A crescer em força e em perfeita forma financeira: a Continental promove a transformação tecnológica de forma precursora

  • Metas anuais superadas – a Continental analisa em retrospetiva um ano fiscal de 2017 forte em termos de crescimento e rentabilidade
  • Volume de vendas aumenta 8,5% para 44 mil milhões de euros com uma margem EBIT ajustada de 10,9%
  • Resultado líquido cresce para 3 mil milhões de euros/resultado aumenta para 14,92 euros por ação 
  • Conselho Executivo propõe aumento dos dividendos em 25 cêntimos para 4,50 euros
  • Entrada de encomendas no Automotive Group obtém valor recorde de quase 40 mil milhões de euros
  • A Continental é uma precursora tecnológica e molda a transformação nas suas indústrias​​​​​​​ sobre uma base financeira forte
  • O CEO, Dr. Degenhart: "Os nossos valores e o nosso objetivo comum de gerar valor continuam a constituir o cerne do nosso conjunto de valores Continental"

Hannover, 8 de março de 2018. A empresa tecnológica Continental analisa em retrospetiva um ano fiscal de 2017 forte em termos de crescimento e rentabilidade. Aumentou o seu volume de vendas em 8,5% para 44 mil milhões de euros com uma margem EBIT ajustada de 10,9%. A Continental superou, assim, as suas metas anuais. Por ocasião da divulgação dos indicadores de referência provisórios, na quinta-feira, em Hannover, o Presidente do Conselho Executivo, Dr. Elmar Degenhart, agradeceu aos mais de 235 000 colaboradores de todo o mundo por este excelente desempenho: "Voltaram a demonstrá-lo: os nossos valores geram valor. Estamos em perfeita forma financeira, somos precursores tecnológicos e, mentalmente, continuamos totalmente virados para o futuro. Partindo desta posição de força, moldamos a transformação tecnológica das nossas indústrias de forma precursora." Assim, o resultado líquido da empresa tecnológica aumentou, em 2017, para 3 mil milhões de euros. Isto corresponde a um aumento de 6,5% face ao ano anterior e a um resultado de 14,92 euros por ação. "O Conselho Executivo propõe um aumento dos dividendos em 25 cêntimos para 4,50 euros. Pretendemos assim o sexto aumento consecutivo", afirmou Degenhart.

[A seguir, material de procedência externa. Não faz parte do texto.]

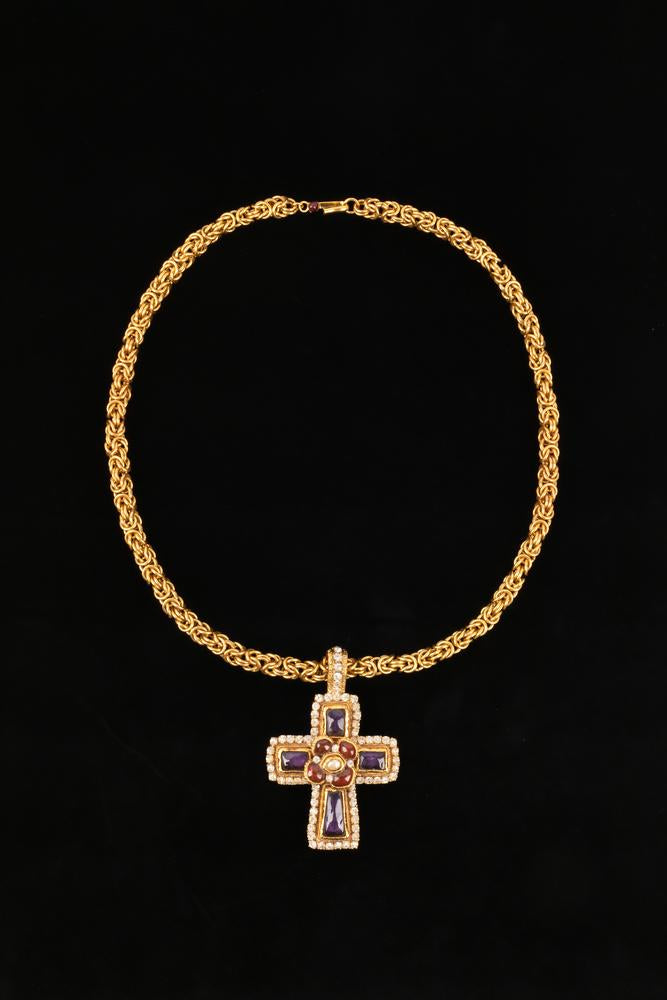 Collier "croix" Chanel Haute Couture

O CEO da Continental, Dr. Elmar Degenhart: A mobilidade do futuro é inteligente e segura. © Continental AG

Para 2018, Degenhart prevê a continuação do curso de crescimento lucrativo: "O início do nosso ano fiscal de 2018 confirmou as nossas expetativas. Reforçamos, por isso, a nossa previsão do início de janeiro. Pretendemos prosseguir com o nosso percurso de sucesso em matéria de crescimento e rentabilidade. Para o ano em curso, prevemos novamente um claro aumento do volume de vendas de quase 7% para aproximadamente 47 mil milhões de euros, antes dos efeitos da taxa de câmbio, com uma margem EBIT ajustada de cerca de 10,5%. A base para tal é um crescimento da produção global de veículos ligeiros de passageiros e de veículos comerciais ligeiros superior a 1%, para 96,5 milhões de veículos."

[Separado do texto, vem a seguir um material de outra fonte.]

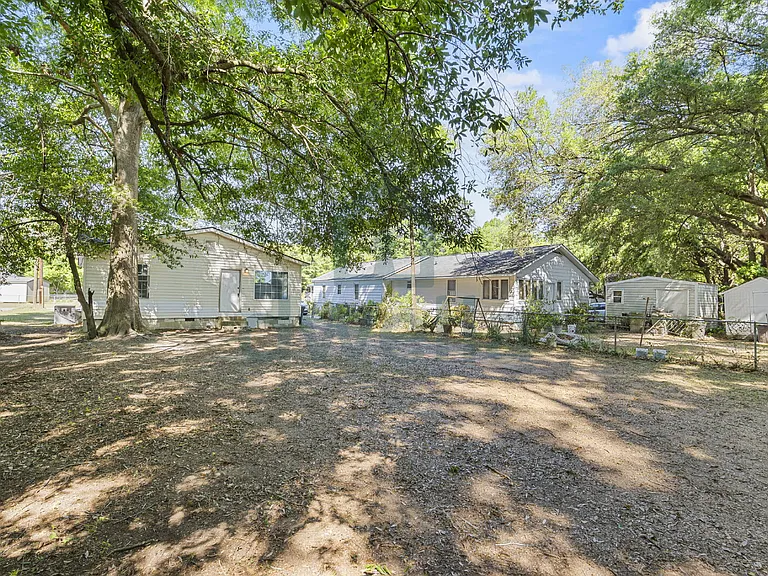 237 Woodlawn Ave — Photo 22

Precursora para uma mobilidade segura, limpa e inteligente

Na opinião do Presidente do Conselho Executivo, a empresa tecnológica está mais do que bem preparada para a mobilidade do futuro: "A Continental é uma precursora tecnológica. Investimos continuamente, e em larga escala, nas tecnologias do futuro. E isso compensa. Prova disso é a entrada de encomendas do nosso Automotive Group: em 2017, alcançámos um novo valor recorde de quase 40 mil milhões de euros", disse Degenhart, acrescentando: "Com as nossas tecnologias inovadoras e a utilização inteligente de software, eletrónica e sensores, possibilitamos uma condução automatizada e autónoma, bem como a interligação em rede e a eletrificação dos veículos. Ao mesmo tempo, exploramos novas áreas de negócio e grupos de clientes na área dos serviços de mobilidade inovadores. Assim, a Continental é sinónimo de mobilidade segura, limpa e inteligente, como quase nenhuma outra empresa a nível mundial."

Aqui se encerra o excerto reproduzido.